Gration was reporting on the scene of the floods in South Yorkshire last year when Boris Johnson was castigated by residents for forgetting the north while out on the campaign trail. Many of those so-called “Red Wall” voters ultimately switched to the Conservatives on the back of their promises to “level up” the country. Now, Gration urges the Prime Minister to get out of the Westminster bubble and listen to voters who feel they are once more being forgotten.

“Everybody is fearful for their jobs,” he says. “If they came up and spoke to good, honest folk here, they would get it in the neck and realise what was going on.”

Gration himself was badly affected in the first wave of the pandemic. Due to a health condition which he prefers not to disclose, he was required to shield at his York home throughout and taken off air.

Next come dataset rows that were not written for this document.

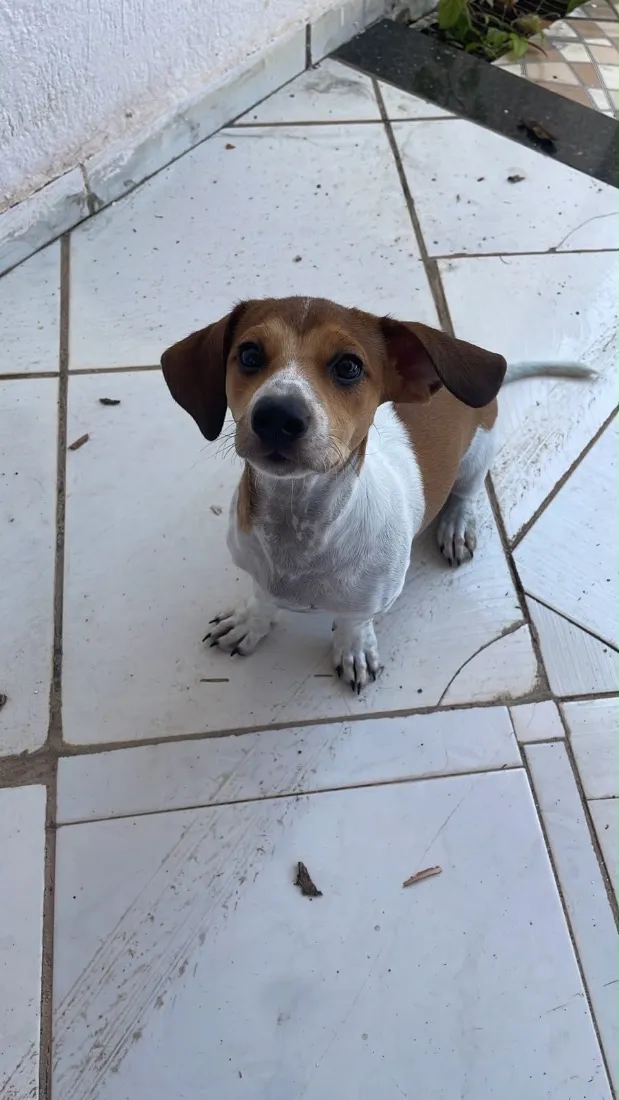 Cachorro raça SRD-ViraLata idade 2 a 6 meses nome Sem nome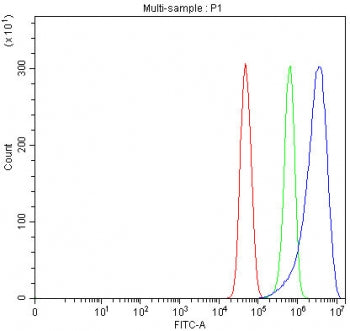 CrkL Antibody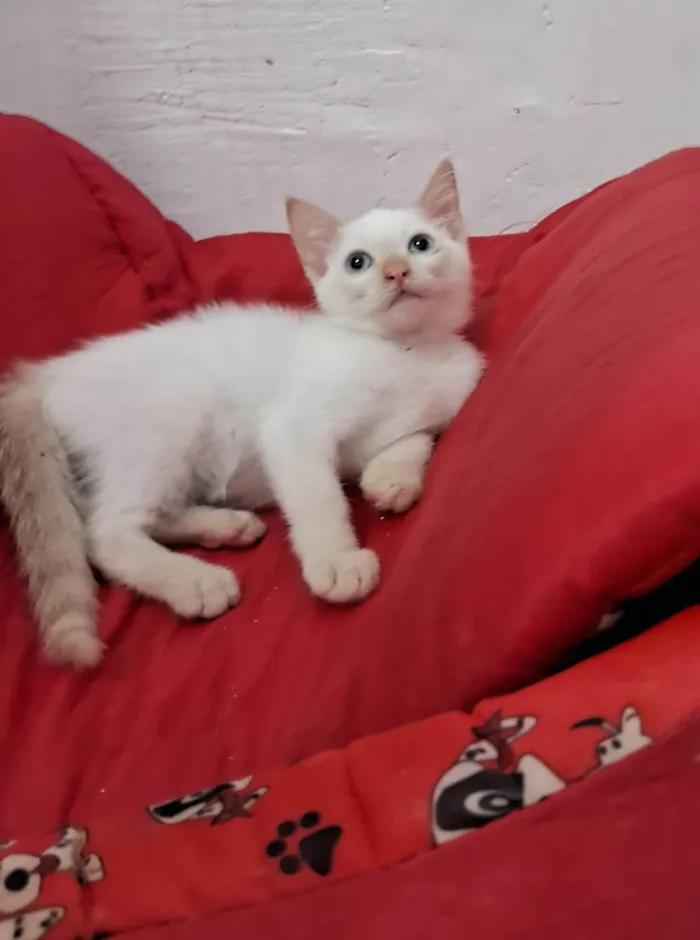 Gato ra a SRD-ViraLata idade 2 a 6 meses nome ENZO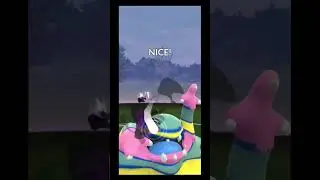 Pokemon Battle: Leader Cliff #pok&eacute;mon #pokemonteam #pokemongo #teamgorocket #viral #shorts #short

“Having worked in such a frenzy all my life, lockdown was very bad for me because it made me realise the BBC could survive without me,” he says. He describes himself as being “forgotten effectively” by his BBC bosses, despite his desperation to still get out and report.

In the summer, he spent five days in St James’s Hospital in Leeds with pneumonia (not Covid-related), but was so eager to get back on air that when he was discharged, he went straight into the television studio that same day.

He warns ministers to think “very carefully” about reintroducing such stringent shielding measures again. “The experience I had in lockdown was not good for me, and if it wasn’t good for me I know it wasn’t good for thousands of people.”

At this moment, Helen walks into the living room, followed by one-year-old Hamilton, who is on the cusp of walking. She and Harry met in London where she was director of news and current affairs at the BBC. After she fell pregnant with their first sons (17-year-old twins, also conceived via IVF), she switched careers and now runs a successful chain of Montessori nurseries.